In Rome was op 1 december 1521 paus Leo X (1513-1521) onverwacht gestorven. Boze tongen fluisteren dat hij vergiftigd was, maar dat is niet meer te bewijzen. We weten enkel dat Leo's wijnschenker die ochtend vroeg en spoorslags het paleis had verlaten. Tijdens het conclaaf dat op dit overlijden volgde, kwamen de aanwezige kardinalen er niet uit: de tegenstellingen tussen Fransgezinde en keizergezinde kardinalen waren te diep en elke kandidaat die werd voorgesteld, was meteen onaanvaardbaar voor de andere partij. Uiteindelijk stelde Giovanni de Medici, neef van Leo X en later zelf paus onder de naam Clemens VII (1523-1534), voor de niet-aanwezige Adrianus van Utrecht te kiezen. Adrianus had verscheidene troeven: hij genoot een reputatie van geleerdheid en vroomheid, hij had politieke connecties met de keizer, maar was nog niet 'verbrand', zoals de andere kandidaten, hij had ervaring met regeren, hij had net succesvol de opstand van de Comuneros onderdrukt én hij was al 62, zodat zijn pontificaat niet al te lang zou duren en men zich ondertussen kon bezinnen over een echte opvolger voor Leo.
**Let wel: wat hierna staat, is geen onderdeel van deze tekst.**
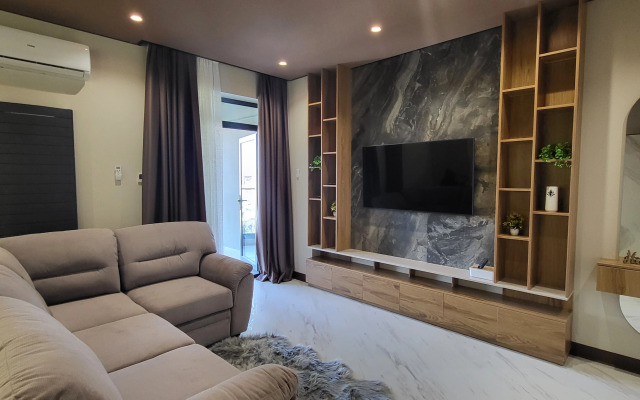 Grand 32 Apartment Tashkent Apartment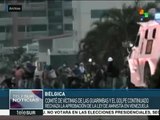 Bélgica: eurodiputados apoyan a Víctimas de las Guarimbas de Venezuela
Op 9 januari 1522 werd Adrianus zonder verdere problemen gekozen. Die problemen begonnen nu pas, want de paus zat in Spanje en moest nog van zijn verkiezing op de hoogte worden gebracht. Informeel vernam Adrianus dit nieuws eind januari, maar het officiële bericht volgde pas op 9 februari. De stad Utrecht en Karel V waren eerder op de hoogte van de verkiezing dan Adrianus zelf. De nieuwe paus legde zijn functie van regent meteen neer en begon zijn reis naar Rome voor te bereiden. Dat nam veel tijd in beslag: enerzijds wilde Adrianus wachten om naar Rome te vertrekken tot Karel V in Spanje zou zijn, anderzijds ondervond hij aanzienlijke moeilijkheden bij het vinden van voldoende schepen (en geld) voor de overtocht. De route over land viel af vanwege de delicate verhouding tot Frans I van Frankrijk; bij een route over zee liep men het risico van een overval door Moorse piraten. Uiteindelijk duurde het tot 15 augustus voor Adrianus in Tarragona scheep ging. Op 29 augustus landde hij in Ostia, op 31 augustus werd hij in de Sint-Pieter gekroond. Daarmee kwam er een eind aan een unieke periode in de kerkgeschiedenis: nooit tevoren of daarna zat er zo'n lange periode tussen keuze en kroning.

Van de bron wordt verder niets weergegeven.